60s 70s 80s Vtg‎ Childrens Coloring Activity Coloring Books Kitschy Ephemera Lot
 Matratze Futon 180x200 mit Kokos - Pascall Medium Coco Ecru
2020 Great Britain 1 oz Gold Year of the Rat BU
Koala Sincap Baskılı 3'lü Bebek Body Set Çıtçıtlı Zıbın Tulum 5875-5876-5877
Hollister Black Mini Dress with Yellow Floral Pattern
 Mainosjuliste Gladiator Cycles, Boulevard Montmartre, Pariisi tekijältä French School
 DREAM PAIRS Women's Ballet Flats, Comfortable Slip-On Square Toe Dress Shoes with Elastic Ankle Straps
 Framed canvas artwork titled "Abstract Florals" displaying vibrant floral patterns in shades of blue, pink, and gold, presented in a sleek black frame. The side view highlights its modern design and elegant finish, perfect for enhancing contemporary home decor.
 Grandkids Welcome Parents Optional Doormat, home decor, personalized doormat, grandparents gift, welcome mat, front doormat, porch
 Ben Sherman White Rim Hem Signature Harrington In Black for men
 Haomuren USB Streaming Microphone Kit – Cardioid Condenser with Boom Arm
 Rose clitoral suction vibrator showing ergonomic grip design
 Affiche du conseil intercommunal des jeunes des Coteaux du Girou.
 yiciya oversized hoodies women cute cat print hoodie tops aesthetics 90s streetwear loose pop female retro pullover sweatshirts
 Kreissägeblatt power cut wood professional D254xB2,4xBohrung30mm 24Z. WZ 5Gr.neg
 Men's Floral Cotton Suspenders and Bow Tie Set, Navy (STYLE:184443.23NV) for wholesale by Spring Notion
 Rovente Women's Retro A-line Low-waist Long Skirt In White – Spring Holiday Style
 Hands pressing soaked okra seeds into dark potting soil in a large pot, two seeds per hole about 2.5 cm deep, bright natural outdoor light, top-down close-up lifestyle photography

+ + + + +

- _Goal of the exercise_: Scan the records for lines that hold "Dress", and reproduce each one you find.

- _Response to this task_:
Hollister Black Mini Dress with Yellow Floral Pattern
 DREAM PAIRS Women's Ballet Flats, Comfortable Slip-On Square Toe Dress Shoes with Elastic Ankle Straps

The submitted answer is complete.